Millilerimiz'in grup maçları başlayıp, boyumuzun ölçüsü konusundaki bölümler bittiğinde, heyecanlı olmasını beklediğimiz bir polisiyenin ilk dakikalarında katil belli olmuştu. Andorra maçına çıkarken endişelerin en büyüğü, çoğunluğu amatör olan bir takımı yenememek oldu. Karşımıza keyif yapmak için çıkıp, üstüne de milli olma avantajını yakalayan oyuncular çıktı. Baskı yapalım, golleri erken bulalım, umutlarını kıralım gibi aktif hamleler kendilerine yer bulamıyordu motivasyon tabelasında. Çünkü rakip "ne kadar az yersek, o kadar iyi" ekolünden geliyordu. Ne morallerini bozuyorlardı, ne de istiflerini.
Kolay'ı zor yapanlardan bunlar...
Sinir bozan rakipleri geçmenin en kısa yolu duran toplardı. İlkinde Selçuk İnan'ın ustalığıyla, kendi stresimizi de bitirdik, maçı da. "Bu takımı bile yenemediniz" klişesi ortadan kalktı.
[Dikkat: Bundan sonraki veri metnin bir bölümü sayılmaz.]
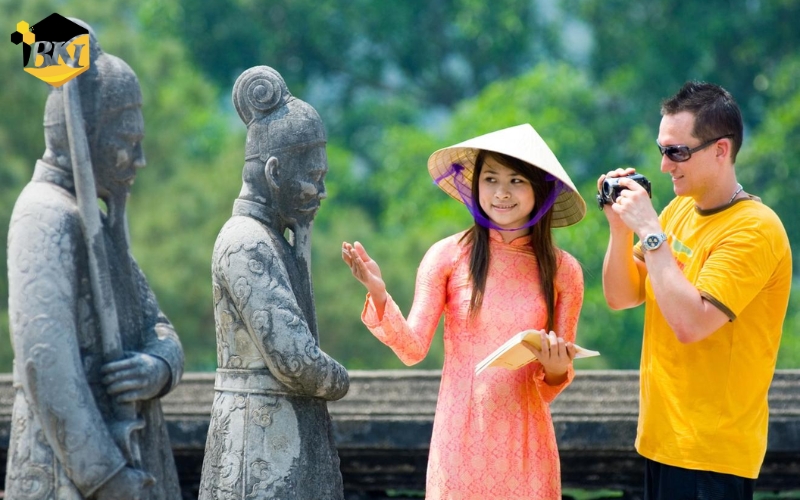 Chương trình đào tạo Trung cấp Hướng dẫn du lịch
Selçuk golü attığında, Abdullah Hoca'nın onu "sisteme uymuyor" diye kulübede bıraktığı ilk maçlar geldi aklımıza.
Sistem veya hak etme kıstasları ile ilgili belirsizlik yeniden belirdi. Nuri - Sercan hangi performansları ile sahadaydı veya Alper Potuk'un oynamama nedeni neydi? Hoca'nın eski talebesi olmak veya Hoca'nın keşfi haline gelmek, ilk tercih olmak durumu yaratıyordu sanki. Kriter performansta değil, duygularda yatıyor belki de.
Hamit ve Emre'nin olmadığı takımın, epey bir nebze akıl - fikirden eksik kaldığı da ortada.
Şimdi ikinci bölüme geçelim o zaman.
Pişirmeyi bilmeyen, öğrenmeyen, yamaklar ile yiyenlerin kadrosu var sahada. Bu noktada Abdullah Avcı'nın ısrar ettiği kadro, kırılma noktalarında geriye döneceklerden değil.
"Bu oyuncularla, bu kadar" bir görüştür."Doğru oyuncuları bul - buluştur, fikri olanı yarat" diye, teknik adama soru sormak ikinci bakış açısı. İki maçtan kayıpsız çıkmak bir hedefti. İlk ayakta sorun kalmadı. Şimdi Macarlar ile oynayacağız.
Sadece yenmek değil, iki farklı yenmek de önemli. İkili averajda avantajı ele geçirmek, muhtemel puan eşitliğinde rakibi baskı altında bırakmak için.
14
Avcı döneminde 14 milli maçta ay-yıldızlılar altı galibiyet, bir beraberlik ve yedi tane de yenilgi aldılar.